I thought recursion was CL's basic paradigm (ACL says its functional programming). I searched a lot on CLL archives but I couldn't find anyone claiming that PCL teaches more idiomatic Lidp style as compared to ACL.
Myself, as I have finished 2 chapters of ACL, I found it little but academic and at the same time quite terse.
arnuld writes:
> > On Wed, 14 Dec 2011 13:46:47 +0000, Tamas Papp wrote:
> > I don't know what correct means in this context, but perhaps a
> > more idiomatic way would be to use REDUCE, treating NIL as 0. Eg
> > This has the extra advantage that it works for all kinds of
> > sequences:
> > (summit #(1 nil 2 3)) ; 6
> > Graham's ACL follows the pedagogical tradition of emphasizing
> > recursion, especially tail recursion. It is certainly valuable to
> > learn about these things, and recursion can be a very nice idiom
> > for some problems, but I wonder if you would be better off
> > learning from Seibel's Practical Common Lisp book (you can find it
> > on the net), which (IMO) teaches a more idiomatic Common Lisp
> > style.
> I thought recursion was CL's basic paradigm (ACL says its functional
> programming). I searched a lot on CLL archives but I couldn't find
> anyone claiming that PCL teaches more idiomatic Lidp style as
> compared to ACL.
If you want to know functional programming, you want to be able not
only to use reduce, sometimes called fold, but also to define similar
"higher order" functions for yourself.
They package patterns of recursion in a reusable form. It's called
abstraction. It's good.
arnuld <sunr...@invalid.address> writes:
> I thought recursion was CL's basic paradigm (ACL says its functional > programming). I searched a lot on CLL archives but I couldn't find anyone > claiming that PCL teaches more idiomatic Lidp style as compared to ACL.

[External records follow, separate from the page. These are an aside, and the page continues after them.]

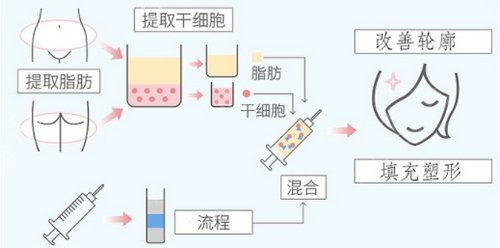 广州广美整形医院价格表抢先一看，附面部填充*果图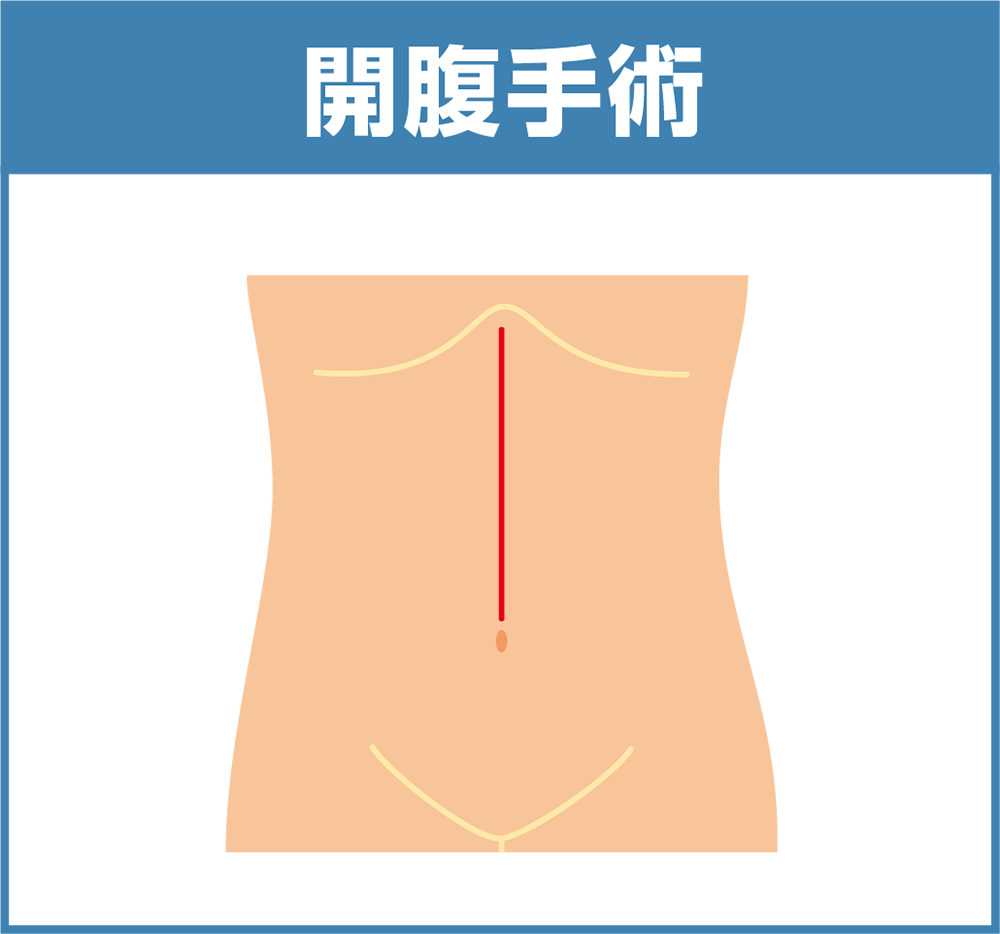 図：開腹手術
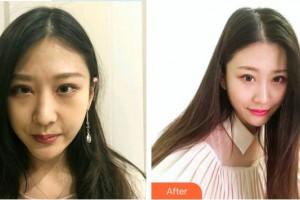 東莞維多利亞整形醫(yī)院周俊整形價格表附鼻部綜合案例展示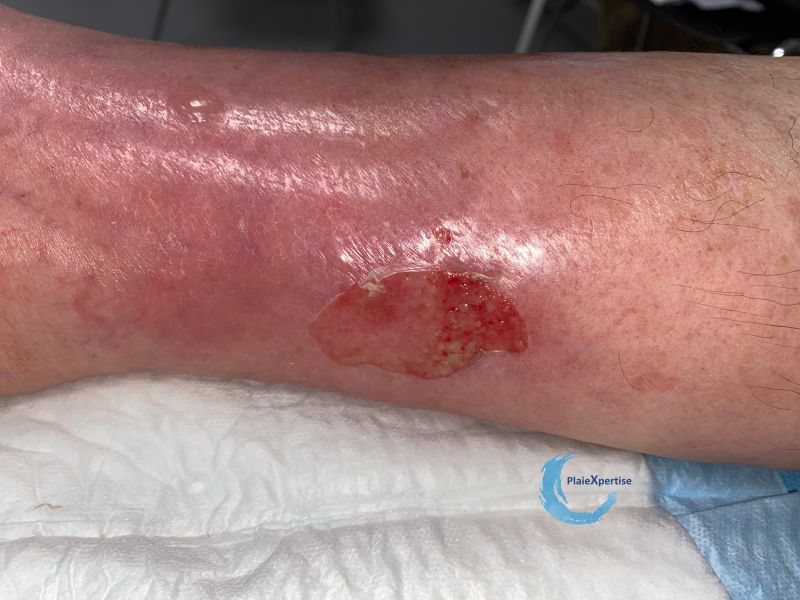 Fichier:Erosions post bulleuses9.jpg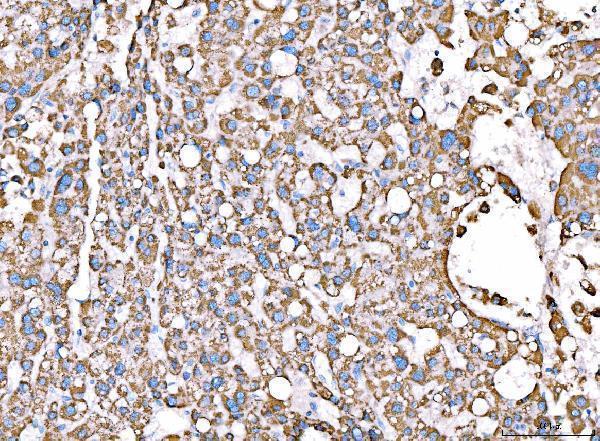 a02383 2 acadm primary antibodies ihc testing 5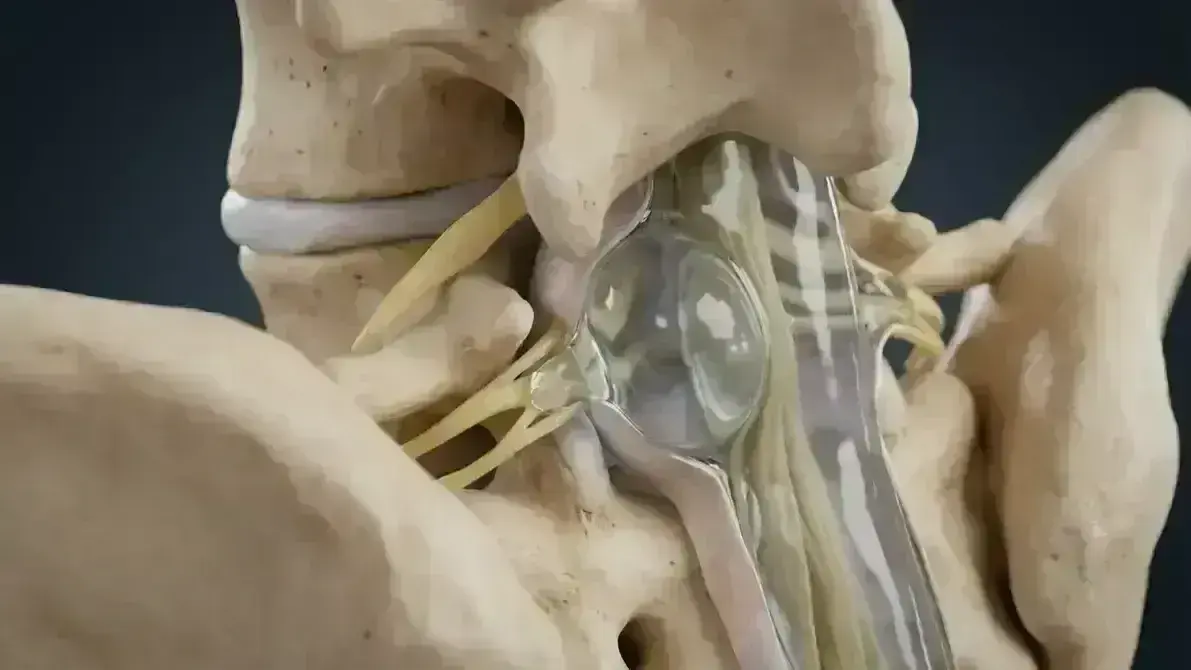 Cisto Sinovial Facetário Lombar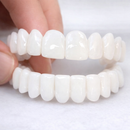 Facetas Dentárias Removíveis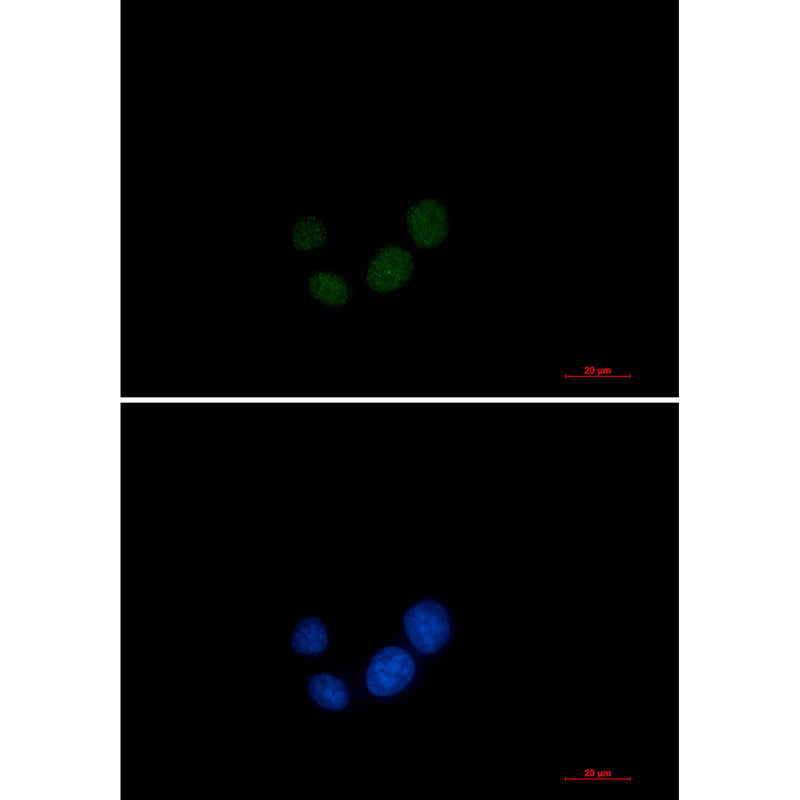 Anti-SPT5 Rabbit Monoclonal Antibody
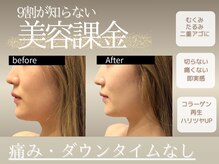 エスポワールカルド(Espoir caldo)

I will claim that. PCL is about Common Lisp, and ANSI Common Lisp is
about a Platonic Lisp, (reluctantly) using Common Lisp as the
implementation language. Paul Graham is not a fan of Common Lisp, and I
think it shows in ACL.
> I will claim that. PCL is about Common Lisp, and ANSI Common Lisp is
> about a Platonic Lisp, (reluctantly) using Common Lisp as the
> implementation language. Paul Graham is not a fan of Common Lisp, and I
> think it shows in ACL.
I agree with that, however I do think ACL is a lovely book to read in the way SICP or AMOP or K&R are lovely books to read, for instance (I don't want to make some claim of which one is better or anything silly): there's a lot of understanding to be had from them. PCL may be the same: I have not read it so carefully, though it did not make the impression on me that ACL did, which may solely be because I'm more jaded now of course, in any case please don't take this as implying I don't like PCL or think ACL is better or anything.
> 2. CLISP says "*** Program Stack Overflow . RESET" . Oh.. let me see,
> Recursion never bottoms out and hence it hits the stack limit. But then
> how to write a correct version which take care of nil atoms and bottoms
> out too ?
> IDEA: rather than setting x to (car lst) and checking for null, we can
> keep on doing cdr till the end and when we will hit nil it means we have
> reached the last atom of list, from there onwards we can add values, tail-
> recursion. I am unable to implement it though
> Is it correct way ?
No. You need TWO tests here:
one for CAR (contents of list)
another for CDR (list structure)
This would give you four cases to implement, but you can simplify this by checking whether list itself is empty, then there are only three cases.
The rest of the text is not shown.